Recorded data:
════════════════════

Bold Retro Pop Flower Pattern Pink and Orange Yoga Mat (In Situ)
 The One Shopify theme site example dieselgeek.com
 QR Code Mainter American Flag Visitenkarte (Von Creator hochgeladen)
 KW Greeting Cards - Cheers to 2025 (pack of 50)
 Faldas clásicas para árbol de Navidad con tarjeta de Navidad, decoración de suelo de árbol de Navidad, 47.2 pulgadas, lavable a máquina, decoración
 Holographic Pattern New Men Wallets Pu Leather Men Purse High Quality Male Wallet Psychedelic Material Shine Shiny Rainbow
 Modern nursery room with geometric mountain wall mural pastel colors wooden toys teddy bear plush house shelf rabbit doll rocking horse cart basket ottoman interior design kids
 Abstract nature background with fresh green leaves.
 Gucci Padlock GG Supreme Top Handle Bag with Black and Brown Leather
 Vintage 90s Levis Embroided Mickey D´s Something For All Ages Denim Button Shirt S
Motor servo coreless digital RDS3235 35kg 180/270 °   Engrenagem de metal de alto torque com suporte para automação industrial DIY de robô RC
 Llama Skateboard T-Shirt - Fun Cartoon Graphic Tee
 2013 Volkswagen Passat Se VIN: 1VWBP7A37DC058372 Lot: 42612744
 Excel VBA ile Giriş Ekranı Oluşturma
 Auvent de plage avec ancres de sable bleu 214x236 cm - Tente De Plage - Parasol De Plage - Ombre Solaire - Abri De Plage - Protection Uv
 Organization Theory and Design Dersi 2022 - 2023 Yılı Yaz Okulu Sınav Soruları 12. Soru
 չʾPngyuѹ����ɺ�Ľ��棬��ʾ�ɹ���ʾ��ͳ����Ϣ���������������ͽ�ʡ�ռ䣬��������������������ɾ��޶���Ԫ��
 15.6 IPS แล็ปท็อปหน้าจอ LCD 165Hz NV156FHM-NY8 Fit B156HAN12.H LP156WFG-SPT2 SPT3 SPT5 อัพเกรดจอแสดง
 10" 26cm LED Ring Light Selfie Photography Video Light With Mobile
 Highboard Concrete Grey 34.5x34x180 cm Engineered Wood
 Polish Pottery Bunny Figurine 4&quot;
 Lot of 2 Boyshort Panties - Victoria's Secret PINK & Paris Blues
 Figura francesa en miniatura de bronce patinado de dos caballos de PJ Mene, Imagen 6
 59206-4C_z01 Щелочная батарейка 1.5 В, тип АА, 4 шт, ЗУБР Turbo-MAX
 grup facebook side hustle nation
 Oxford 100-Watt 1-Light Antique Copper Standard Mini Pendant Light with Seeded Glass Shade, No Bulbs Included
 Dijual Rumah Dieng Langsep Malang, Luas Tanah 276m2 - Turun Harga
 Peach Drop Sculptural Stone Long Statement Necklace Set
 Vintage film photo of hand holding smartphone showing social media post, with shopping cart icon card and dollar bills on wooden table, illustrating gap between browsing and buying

════════════════════

Assignment:
Reproduce every line from the entries that holds the word "Shirt".

Finished exercise:
 Vintage 90s Levis Embroided Mickey D´s Something For All Ages Denim Button Shirt S
 Llama Skateboard T-Shirt - Fun Cartoon Graphic Tee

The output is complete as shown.